Start of Data for this exercise

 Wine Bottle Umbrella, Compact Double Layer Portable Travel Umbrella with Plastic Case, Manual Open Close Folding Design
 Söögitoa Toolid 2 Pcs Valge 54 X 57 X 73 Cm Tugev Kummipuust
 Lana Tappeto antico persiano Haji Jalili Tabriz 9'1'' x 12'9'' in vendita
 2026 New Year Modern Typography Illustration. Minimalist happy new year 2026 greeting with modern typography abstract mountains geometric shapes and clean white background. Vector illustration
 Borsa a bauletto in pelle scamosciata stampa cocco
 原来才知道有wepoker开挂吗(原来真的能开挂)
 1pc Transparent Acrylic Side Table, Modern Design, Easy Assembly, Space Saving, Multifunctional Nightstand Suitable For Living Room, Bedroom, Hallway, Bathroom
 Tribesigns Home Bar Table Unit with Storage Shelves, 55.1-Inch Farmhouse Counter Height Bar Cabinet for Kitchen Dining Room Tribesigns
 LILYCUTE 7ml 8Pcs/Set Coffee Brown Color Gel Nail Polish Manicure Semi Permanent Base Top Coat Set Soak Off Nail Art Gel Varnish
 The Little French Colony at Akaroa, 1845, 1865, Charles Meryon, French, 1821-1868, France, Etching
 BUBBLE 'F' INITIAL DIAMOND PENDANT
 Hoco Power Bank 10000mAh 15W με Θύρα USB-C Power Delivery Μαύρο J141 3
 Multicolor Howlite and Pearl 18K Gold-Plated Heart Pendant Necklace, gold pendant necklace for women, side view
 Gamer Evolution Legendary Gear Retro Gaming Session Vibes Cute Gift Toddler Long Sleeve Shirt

End of Data for this exercise

Write out all the records above one more time, exactly.

Task response.
 Wine Bottle Umbrella, Compact Double Layer Portable Travel Umbrella with Plastic Case, Manual Open Close Folding Design
 Söögitoa Toolid 2 Pcs Valge 54 X 57 X 73 Cm Tugev Kummipuust
 Lana Tappeto antico persiano Haji Jalili Tabriz 9'1'' x 12'9'' in vendita
 2026 New Year Modern Typography Illustration. Minimalist happy new year 2026 greeting with modern typography abstract mountains geometric shapes and clean white background. Vector illustration
 Borsa a bauletto in pelle scamosciata stampa cocco
 原来才知道有wepoker开挂吗(原来真的能开挂)
 1pc Transparent Acrylic Side Table, Modern Design, Easy Assembly, Space Saving, Multifunctional Nightstand Suitable For Living Room, Bedroom, Hallway, Bathroom
 Tribesigns Home Bar Table Unit with Storage Shelves, 55.1-Inch Farmhouse Counter Height Bar Cabinet for Kitchen Dining Room Tribesigns
 LILYCUTE 7ml 8Pcs/Set Coffee Brown Color Gel Nail Polish Manicure Semi Permanent Base Top Coat Set Soak Off Nail Art Gel Varnish
 The Little French Colony at Akaroa, 1845, 1865, Charles Meryon, French, 1821-1868, France, Etching
 BUBBLE 'F' INITIAL DIAMOND PENDANT
 Hoco Power Bank 10000mAh 15W με Θύρα USB-C Power Delivery Μαύρο J141 3
 Multicolor Howlite and Pearl 18K Gold-Plated Heart Pendant Necklace, gold pendant necklace for women, side view
 Gamer Evolution Legendary Gear Retro Gaming Session Vibes Cute Gift Toddler Long Sleeve Shirt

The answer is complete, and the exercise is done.